**Exercise inputs:**
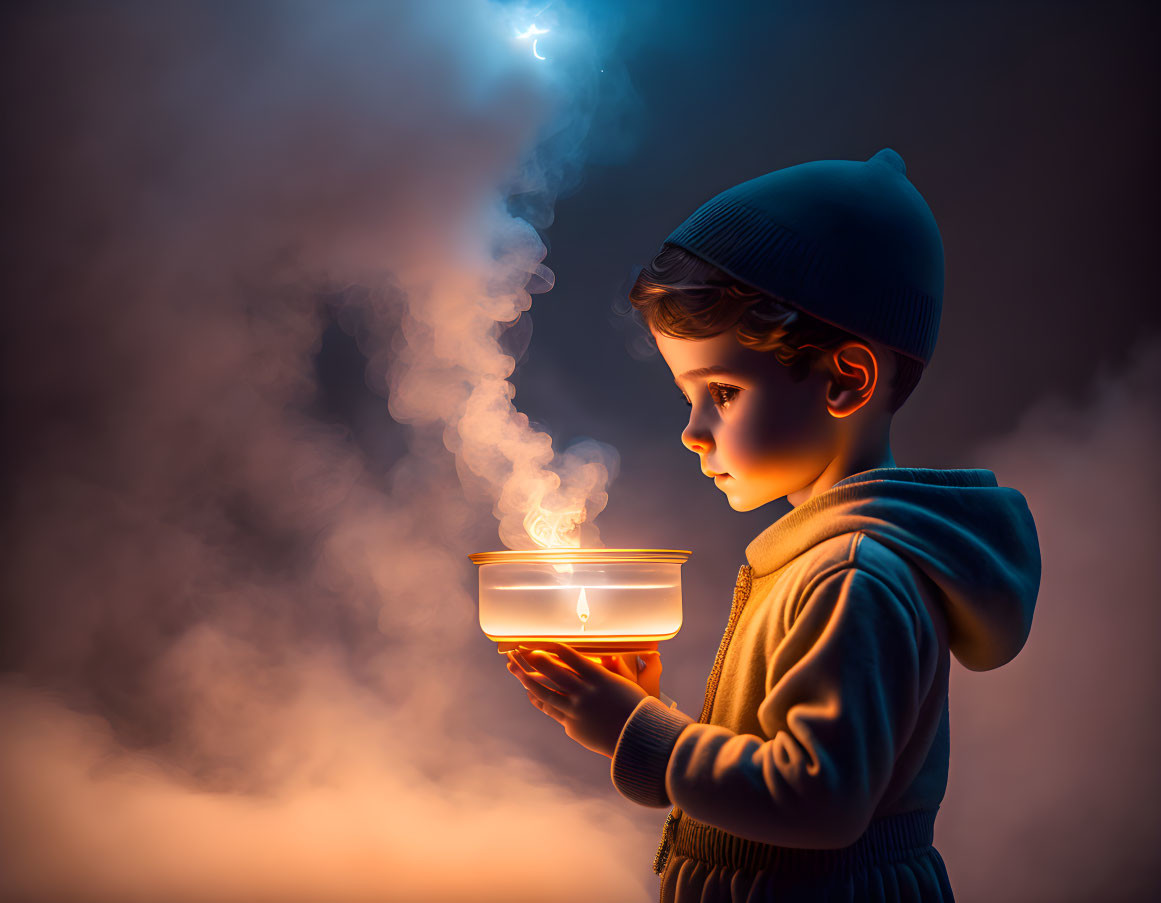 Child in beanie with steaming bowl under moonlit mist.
...
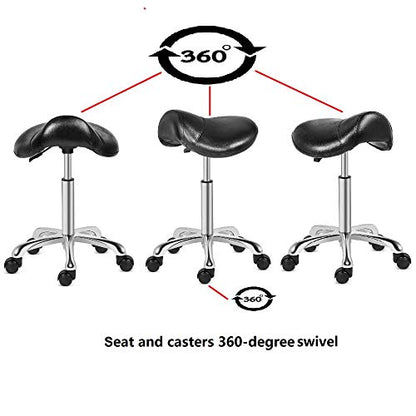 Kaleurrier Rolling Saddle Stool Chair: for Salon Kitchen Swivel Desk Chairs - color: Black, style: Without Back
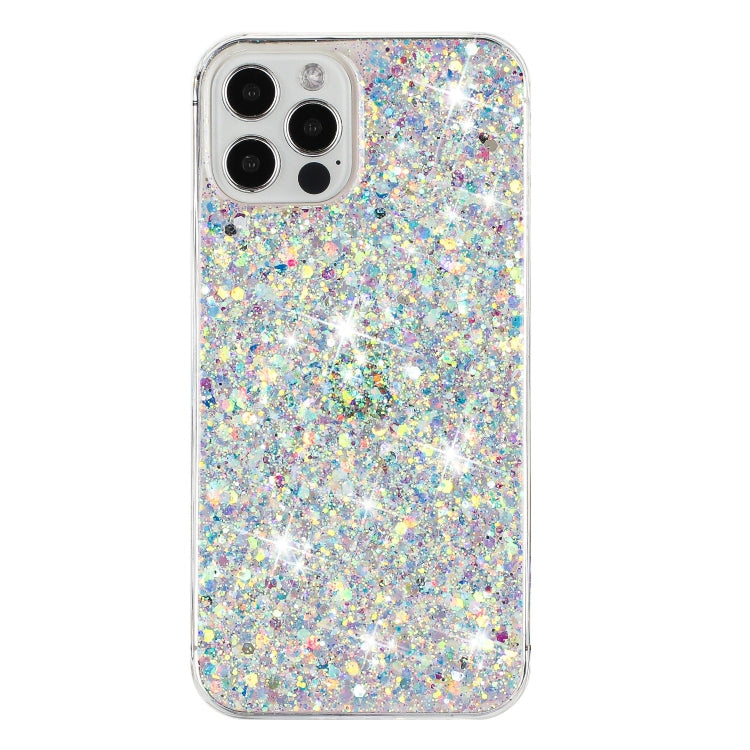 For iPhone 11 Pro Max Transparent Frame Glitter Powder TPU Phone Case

**What you will do:** Reproduce the listing above only between the lines holding "Kaleurrier Rolling Saddle" and "For iPhone 11", inclusive. Every line must match exactly, and pictures are dropped.

**Exercise output:**
 Kaleurrier Rolling Saddle Stool Chair: for Salon Kitchen Swivel Desk Chairs - color: Black, style: Without Back
 For iPhone 11 Pro Max Transparent Frame Glitter Powder TPU Phone Case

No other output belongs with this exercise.